Condition (1) agrees with our previous findings showing that the network rearrangement under stimulation takes place in a certain interval of the noise intensity (Lobov S. A. et al., 2017). At low noise intensity, the neuronal activation may not reach the level necessary for STDP-ordered pre and post-synaptic spiking. At high noise intensity, random STDP events dominate and break learning (see Supplementary Figure S1). Condition (2) expresses competition between the synapses involved in the associations increasing the SNN selectivity. Thus, competition plays a positive role in learning, unlike the case study reported previously (Lobov S. et al., 2017b). Condition (3) implies a reduction of the SNN selectivity due to a negative effect that STDP can have on the synaptic couplings between CS neurons (w21 and w12). Condition (4) leads to competition between neurons “for the right” to be activated and, as a result, to an increase in the selectivity of the connections of the right and left channels.
Operant or Instrumental Conditioning
Animals learn behaviors through active interaction with the environment. To model such natural learning, we use operant (or instrumental) conditioning. To implement it, we activated motoneuron N7 (Figures 1B,C) responsible for forward movement and introduced the robot in an arena with several obstacles (Figure 5A).
Figure 5. Operant conditioning. (A) Trajectory of the robot in the first 2 min of the experiment. Exclamation marks indicate the positions of collisions with obstacles. (B) Same as in (A) but after learning. (C) Evolution of the weights of parallel (wP) and diagonal (wD) couplings (compare to Figure 4D). Beige and green-blue bars correspond to periods (A,B), respectively.
In the beginning, the robot could avoid obstacles only after touching them due to US (Figure 5A). Then, learning progressively established associations between approaching obstacles (sonars, CS) and touching events (US). Thus, the robot learned to avoid obstacles in advance, without touching them (Figure 5B and Supplementary Videos S2, S3). We then switched sonars. Similarly to classical conditioning, the robot was able to relearn the associations (Figure 5C, PA arrow).
The learning rate depends on the total time of activation of the touch sensors. In turn, this time depends on the configuration of the arena, i.e. the arena size and the number of obstacles. In the Morris water maze (Figure 5A, 1 m2), learning takes about 2 min. In a larger room (50 m2) with a few obstacles, the learning time increases to 10–20 min. Relearning takes about twice a longer time.

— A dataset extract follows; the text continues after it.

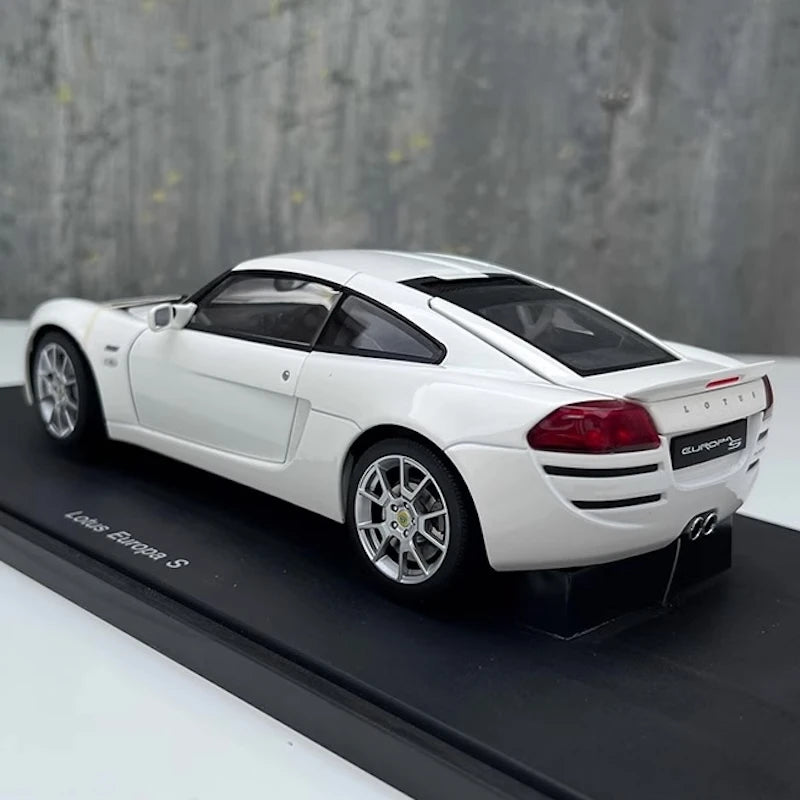 [AutoArt] 1:18 Lotus 2006 Europa S White Model Car Die-Cast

In the operant conditioning, the SNN selectivity did not reach the value achieved in classical conditioning (compare Figures 4D, 5C). It occurs due to the fact that in the arena, the robot can approach objects in front. In this case, both sonars detect them, which leads to a simultaneous generation of stimuli on the left and right sides and competition between two connections from the same sensory neuron. Technical constraints, such as a narrow sensing angle of the sonars, also affect the correct implementation of the obstacle-avoidance task negatively. All these factors diminish the learning quality. Therefore, the robot sometimes collides with obstacles. Thus, in a real environment, learning does not reach 100% collision avoidance.
Discussion
Competition is a universal paradigm well-extended both in neurophysiology, e.g. in the form of lateral inhibition (Kandel et al., 2000) and the ANN studies, e.g. in the form of competitive learning in Kohonen networks (Kohonen, 1982) or imitation learning (Calvo Tapia et al., 2018). In this work, we have proposed an SNN model implementing associative learning through an STDP protocol and temporal coding of sensory stimuli. To achieve successful learning, the SNN makes use of two mechanisms of competition. The first type is neuronal competition, i.e. different neurons compete to be the first to get excited. In our case, this mechanism was provided by inhibitory connections between US neurons.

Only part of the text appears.